WORK TO BE COMPLETED:
Print every line of the material below exactly as it stands, but omit the pictures.

DATASET EXTRACT:
════════════════════
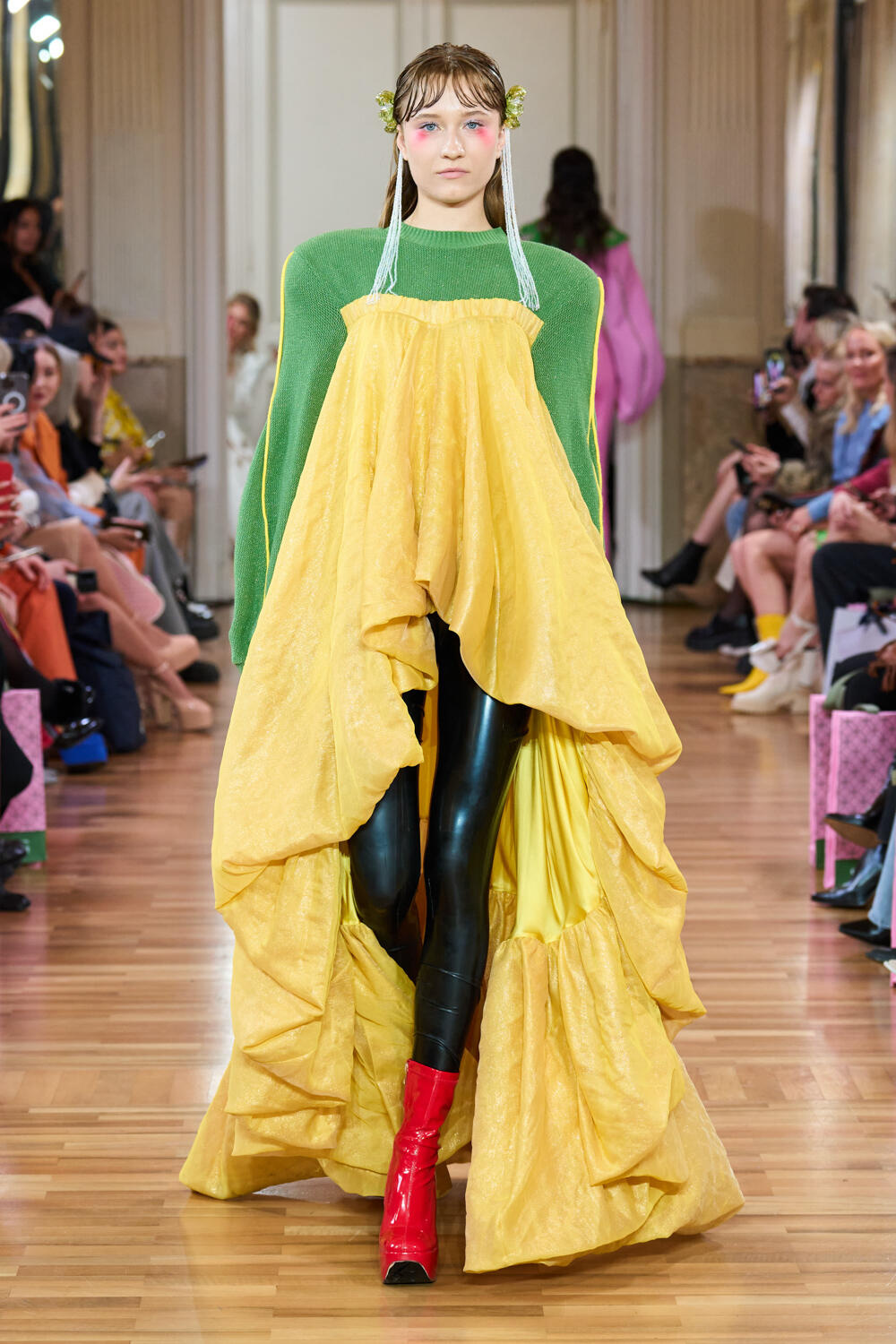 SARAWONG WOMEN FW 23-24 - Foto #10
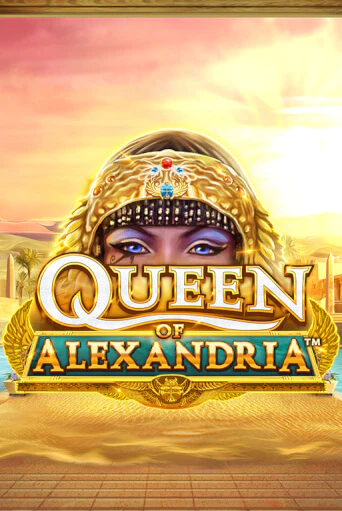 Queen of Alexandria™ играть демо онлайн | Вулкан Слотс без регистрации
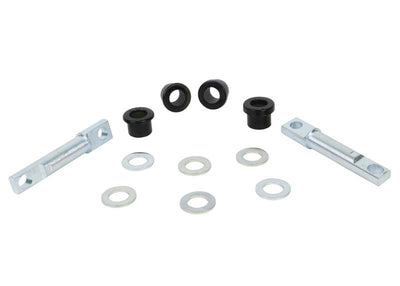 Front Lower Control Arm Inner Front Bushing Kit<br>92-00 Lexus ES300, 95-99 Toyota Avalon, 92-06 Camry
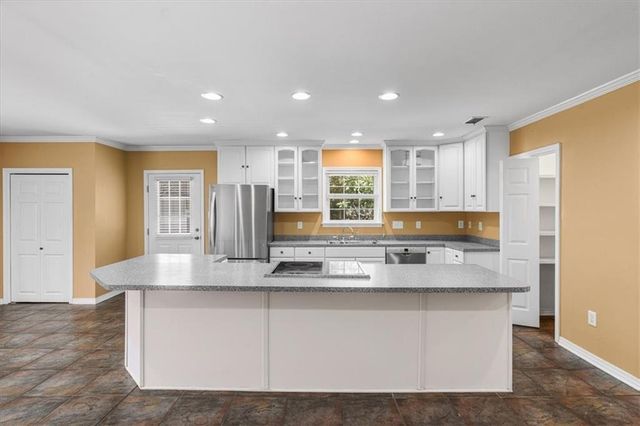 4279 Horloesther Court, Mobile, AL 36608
════════════════════
YOUR SOLUTION:
 SARAWONG WOMEN FW 23-24 - Foto #10
 Queen of Alexandria™ играть демо онлайн | Вулкан Слотс без регистрации
 Front Lower Control Arm Inner Front Bushing Kit<br>92-00 Lexus ES300, 95-99 Toyota Avalon, 92-06 Camry
 4279 Horloesther Court, Mobile, AL 36608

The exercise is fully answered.